Iterative Hard Thresholding

The Iterative Hard Thresholding (IHT) algorithm is the sparse analogue of the gradient descent algorithm. After performing the gradient update, it projects a dense vector into a sparse vector. Mathematically speaking, it projects a given vector into a lower dimensional subspace by retaining only the most significant components.
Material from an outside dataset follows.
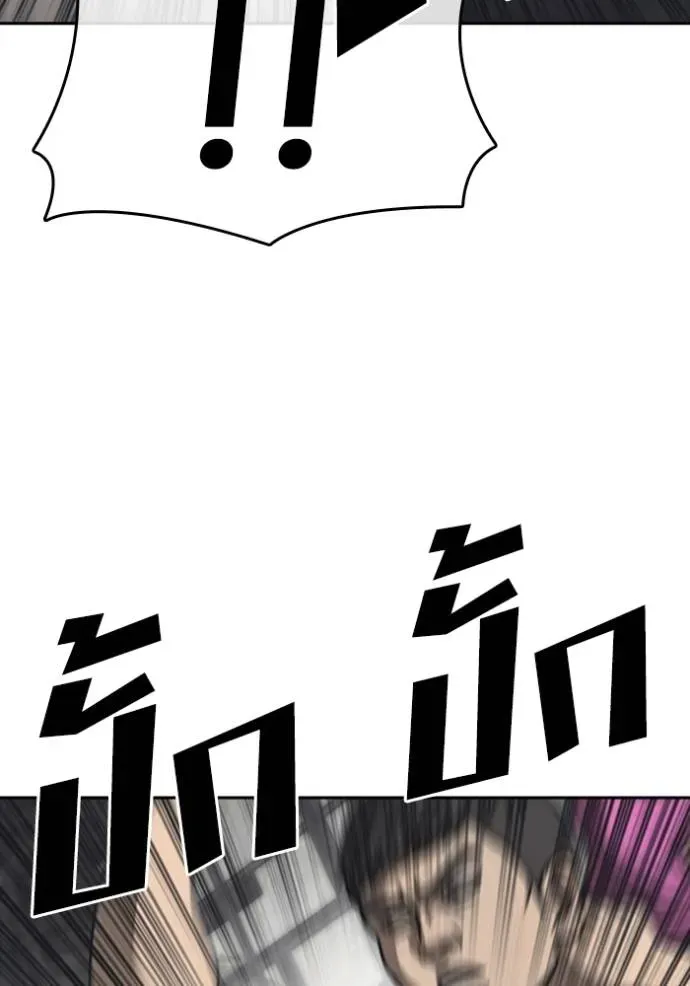 Loser Life 2 ตอนที่ 54 หน้า 113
Unlike standard gradient descent which updates all parameters, IHT enforces sparsity by keeping only the s largest (in magnitude) components after each gradient step, setting all other components to zero. This makes IHT particularly useful for problems where the solution is known to be sparse, such as compressed sensing, sparse regression, and sparse signal recovery.

\[ \textbf{Algorithm: Iterative Hard Thresholding (IHT)} \]

\(\textbf{Input:}\) Initial parameter vector \(\boldsymbol{\theta}^0 \in \mathbb{R}^n\) satisfying \(\|\boldsymbol{\theta}^0\|_0 \leq s\), sparsity level \(s\), and stepsize \(\gamma > 0\).

\(\text{For } k = 0, 1, 2, \dots \text{ do:}\)

\[ \mathbf{v}^k = \boldsymbol{\theta}^k - \gamma \nabla f(\boldsymbol{\theta}^k) \]

\[ \boldsymbol{\theta}^{k+1} \in H_s(\mathbf{v}^k), \]

where \(H_s\) is the hard-thresholding operator which is a set-valued operator meaning its ouput is not unique. It sorts the input vector in absolute value and keeps only the \(s\) largest entries, setting all others to zero. For example, \(H_2([1, -3, 1]^\top)=\{[1, -3, 0]^\top, [0, -3, 1]^\top\}\).